==== PROVIDED DATA ====

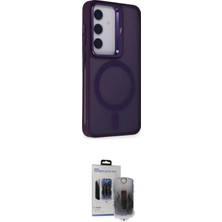 Elektronikçim Ieg™ Galaxy S24 Kılıf Akış Form - Siyah Vanessa Magic Hayalet Cam ELK-34863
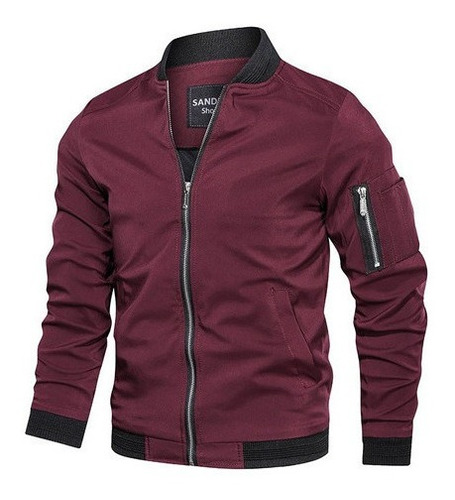 Chaqueta Impermeable De Aviador Para Hombre Primavera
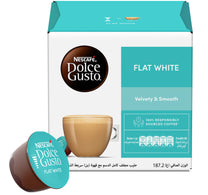 Nescafe Dolce Gusto Flat White Coffee Capsules 16 pcs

====

__WORK INSTRUCTIONS__. Everything in the listing should be repeated exactly except the pictures.

__TASK RESPONSE__.
 Elektronikçim Ieg™ Galaxy S24 Kılıf Akış Form - Siyah Vanessa Magic Hayalet Cam ELK-34863
 Chaqueta Impermeable De Aviador Para Hombre Primavera
 Nescafe Dolce Gusto Flat White Coffee Capsules 16 pcs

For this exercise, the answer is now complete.